It is time to celebrate the end of an era and the commencement of a new chapter: the renovation of our bathrooms. As students go about their day, nature is bound to call, and we have all found ourselves in one of McLean’s bathrooms at one point or another. Here at McLean, we pride ourselves on our bathrooms—a beautiful display of our students’ creativity and character.
This summer, the artifacts left by generations of McLean students will be washed away. We will not let our bathrooms be forgotten, and the least we can do is pay our respects for what we have loved and lost.
Goodbye bathroom dividers, the symbol for the imaginative essence of the McLean student-turned-virtuoso. You have served as a canvas for some of our most gifted students’ artistic ventures. You are home to illustrations that tastefully grasp the beauty of the human form. Because of you, our artistic passions will continue to burn like the scent of an unflushed toilet.
No longer can we enjoy some light reading from our award-winning poets, including compositions such as “Kill yourself plz” and “I like women.” These works have survived the test of time, remaining on the walls to enthrall generations of bathroom-goers.
The bathrooms play a crucial role in fostering camaraderie and community spirit. These holy institutions are safe havens for students to bond with each other at the urinals which conveniently have no dividers. Students can pee in peace with the knowledge that they will never be alone. Lifelong friendships have been forged at these hallowed toilets, blooming from remnants of yesterday’s lunch of mozzarella sticks and marinara sauce.
Dysfunctional toilets make for rewarding experiences, blessing students with agility and strengthening their reflexes. After pressing the toilet handle, students have to channel their inner Olympic athlete to avoid regurgitated waste and spraying sewage water. Frequently broken toilet paper dispensers prevent users from accessing the luxurious, single-ply toilet paper. This encourages students to find creative ways to clean themselves.
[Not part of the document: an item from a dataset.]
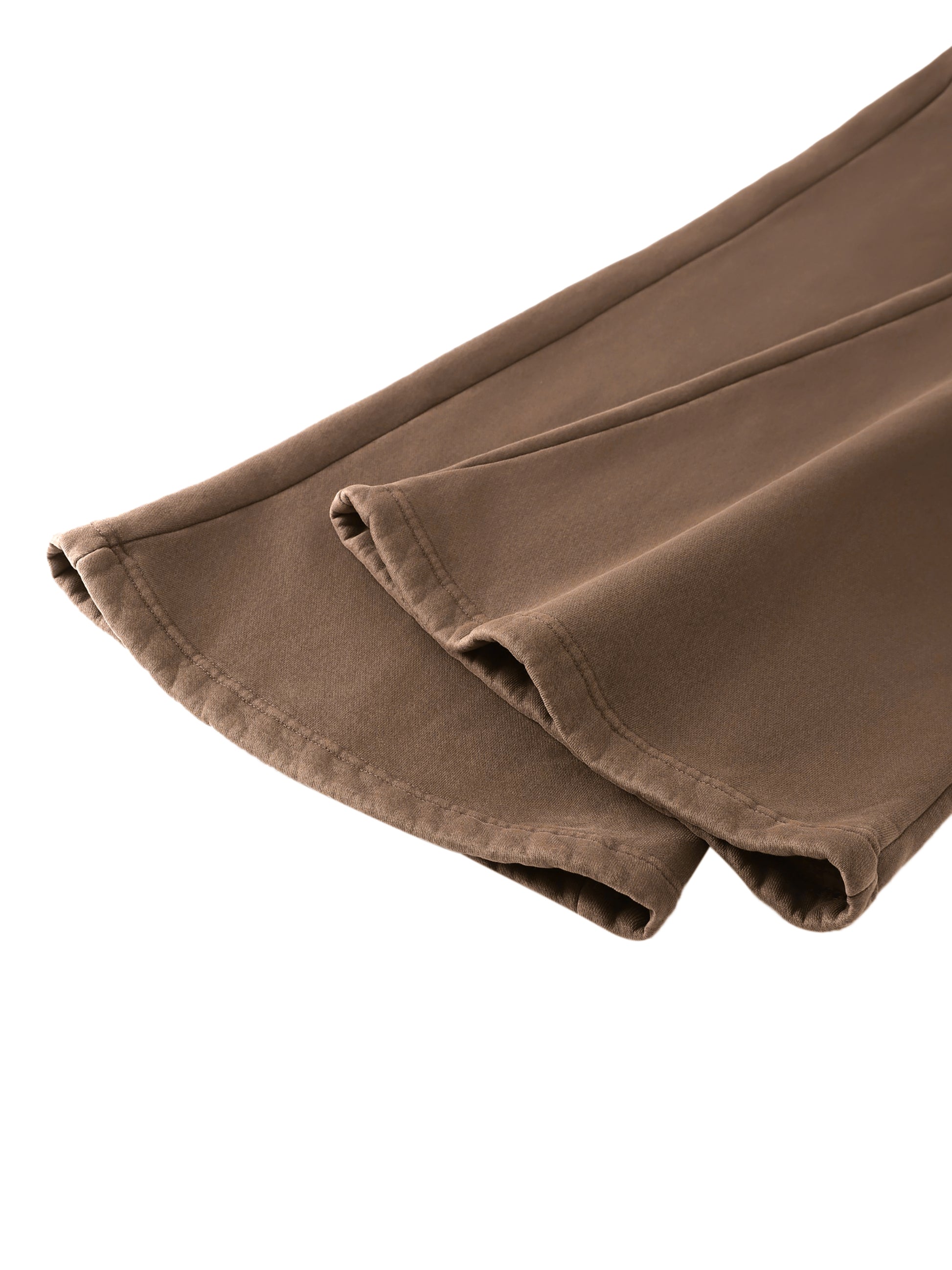 Flared Fleece Pants,pants,fleece pants,womens wear,trending for women,new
The school bathrooms are McLean’s treasure, the most aesthetically pleasing area of the school. Nothing beats the scent of cotton candy vape mixed with sewage when a cloud of air ambushes your nose. That, along with the gardens of stray toilet paper (McLean’s very own Pisstine Chapel) and rivers of sewage water beats any spring day in the park.
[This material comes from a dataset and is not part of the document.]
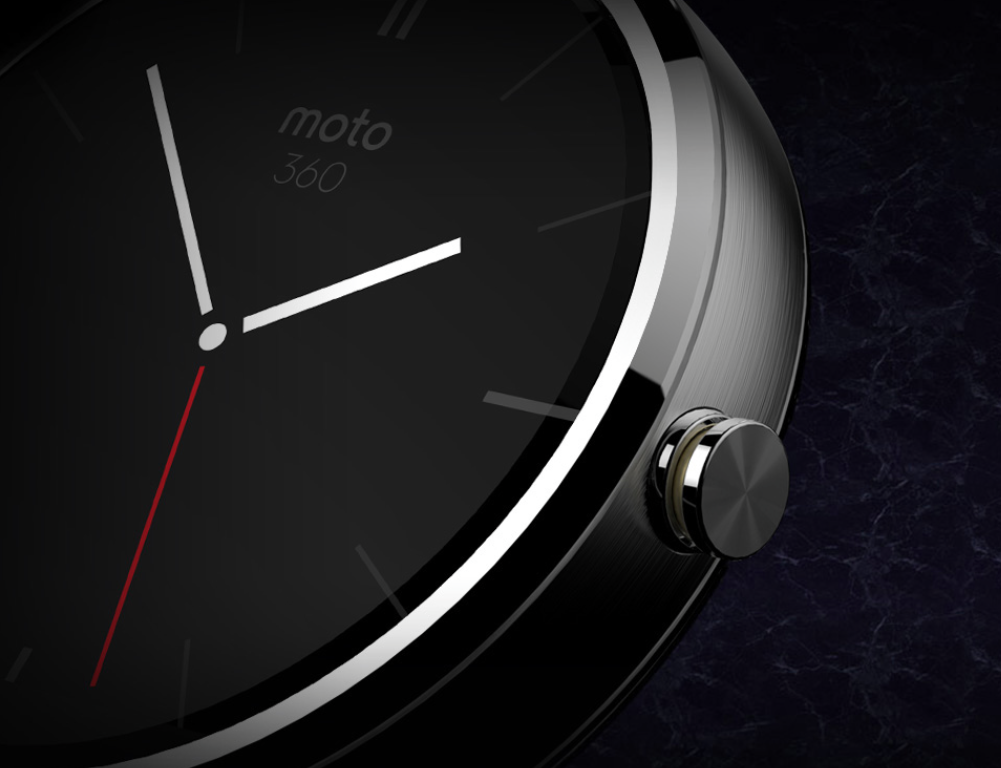 모토로라 스마트워치, Moto 360 공개 3 moto360_motorola1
You may even find the occasional stray carrot, twice-cooked beans or puddles of chocolate milk (is it milk?). Instead of waiting in the never-ending lunch line, students can conveniently access the school lunch and menu items within the bathroom.
In addition to the Michelin Star-worthy buffets, another staple of the facilities are frequent social events, such as “Monday Vape Circle” and “Faded Fridays.” These exclusive, invite-only occasions provide the opportunity for students to de-stress after hours of lectures.
The stalls provide the ideal environment to release pent up aggression by fighting. The stalls serve as a popular arena for including gladiator fighting, extreme sports, capture the toilet paper and try not to inhale. However, few of them require as much focus or dedication as “flush-the-toilet” or “aim-in-the-urinal.” In addition to access to sporting events, tickets include a complimentary trip to the principal’s office and, if you’re lucky, the juvenile detention center, where you may enjoy a much needed break from school. Five out of five wipes.
Dear bathrooms, you were the pride of McLean, and we will never forget you. Sincerely, your #1 and #2 fans.
But seriously…
Although some of the problems that plague the bathrooms can be attributed to the school’s lack of maintenance, such as holes in the ceiling, sewage on the floor and the constant lack of feminine products, the blame for most of the issues falls on the students. Broken dispensers and garbage on the floor, dysfunctional toilets and graffiti are the unfortunate result of students’ apathetic attitudes. As a McLean community, it is important for us to work together to keep the bathrooms clean and consider our hardworking custodians before making messes. New facilities are ineffective if bathroom attitudes remain the same.